Q: My home is a Scandinavian bow house. Is mid-century furniture a good fit with this architecture?

A: It is an ideal combination. Start by looking at vintage Scandinavian furniture, but also consider a new perspective on Scandinavian design with Muuto. A good eclectic mix of classic Knoll, classic Scandinavian and Muuto pieces that reflect light and protect a youthful (in spirit, not age) image are a perfect combination. Muuto Fiber chairs pair wonderfully with Saarinen tables. The Muuto Oslo chair also has a wonderful organic form and is perfect for dining and working with Saarinen.

Q: So much of the work of the Bauhaus and modernist traditions is connected to a philosophy and theory on how we should live, same for postmodern design. Where do you think we are headed in terms of design and the philosophy connected to it? What artists display this new direction?
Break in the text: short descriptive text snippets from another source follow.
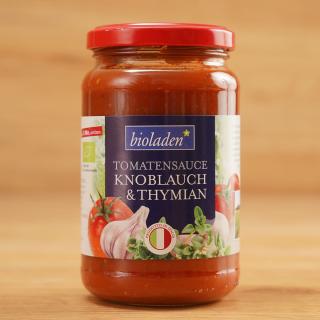 Tomatensauce KnoblauchThymian Bioladen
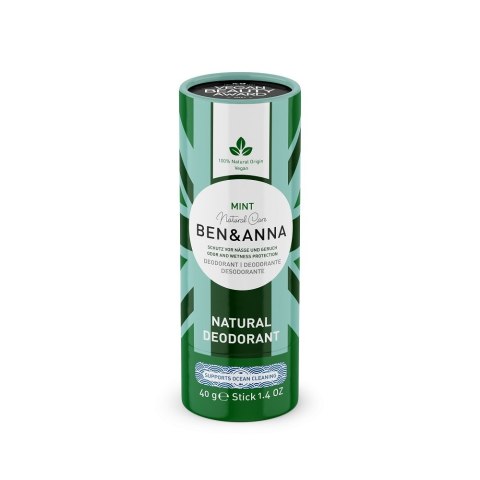 DEZODORANT W SZTYFCIE NA BAZIE SODY MINT ECO 40 g - BEN & ANNA BEN & ANNA (kosmetyki)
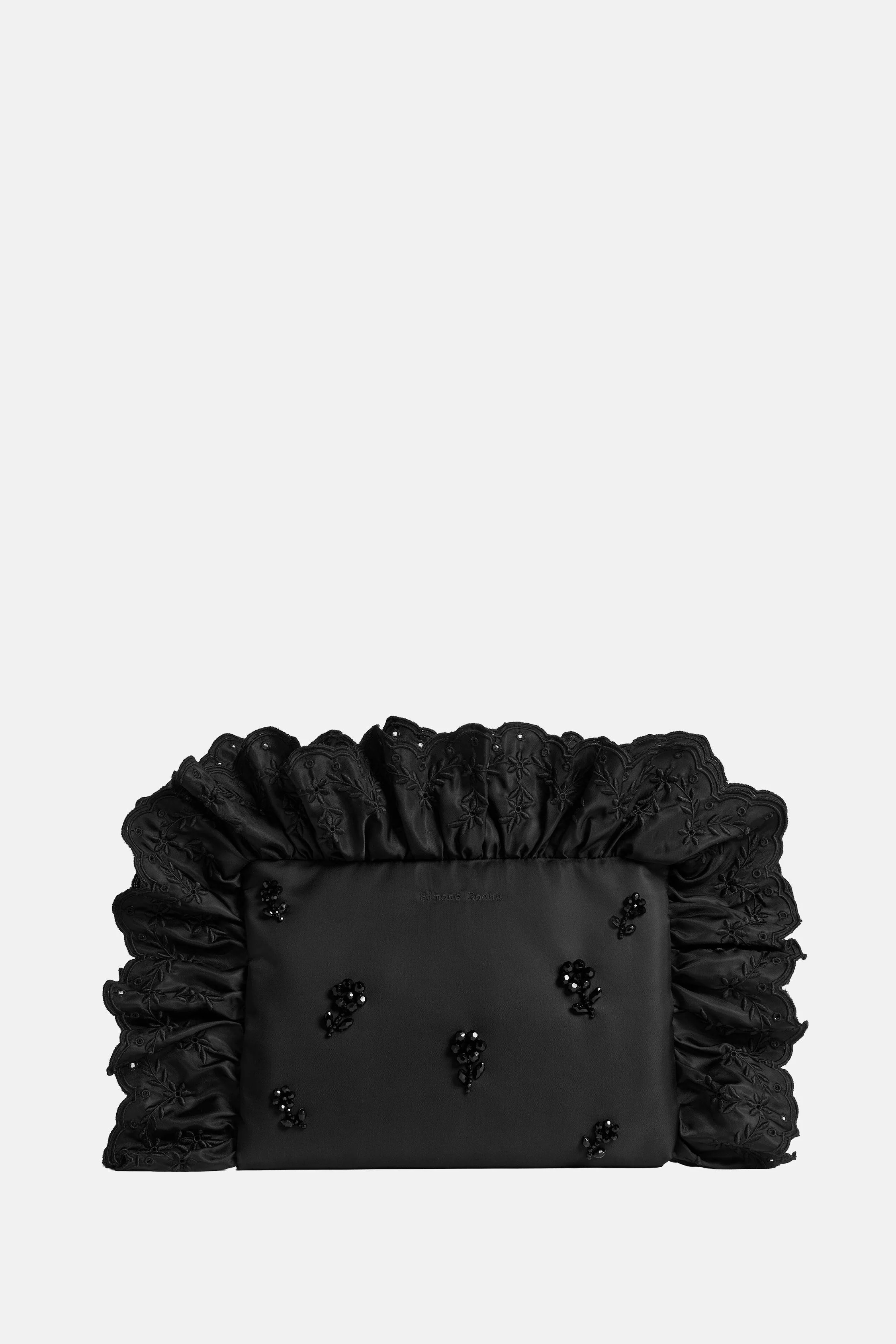 BORSA CLUTCH 'PILLOWCASE ' CON RICAMI - Image 2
A: This question is not so easy. Bauhaus design and American modern tradition were the prewar and postwar ideas of living and working in modern environments; this is true for work in architecture, interiors, furniture and objects. The modern idea asked architecture to create and divide space. It was important to set the stage for the figure that is the occupant of the space. This modern concept in interiors was pioneered by Florence Knoll with the establishment of the planning unit in the late 1940s. For example, these ideas are used by David Adjaye in a space featuring a Saarinen table and his Skeleton chairs from the Washington Collection. Adjaye used Mies’s cantilever form in his chair to make a classic in the making. Using this chair as an example again, think of the novel use of materials in modern design. The use of copper reflecting light in his chair can make the chair invisible at certain times of day or give it a “friend” with a shadow, similar to Harry Bertoia’s classic seating form.

Q: What are your favorite books that relate to the philosophy of design?

A: “Harold and the Purple Crayon” by Crockett Johnson. Don’t laugh at me. Read it and imagine.

Q: What tips do you have for building career longevity and endurance in creative fields?

A: It all comes down to hard work. Stay current both at work and in your specific field of design. At Knoll, I am always looking at how trends will inform the future and how they will affect the way we live and work. Seek out everything: events at local museums, online design, etc. Read and reference images as often as possible. Look for links between 2-D and 3-D design. For me, it’s reading.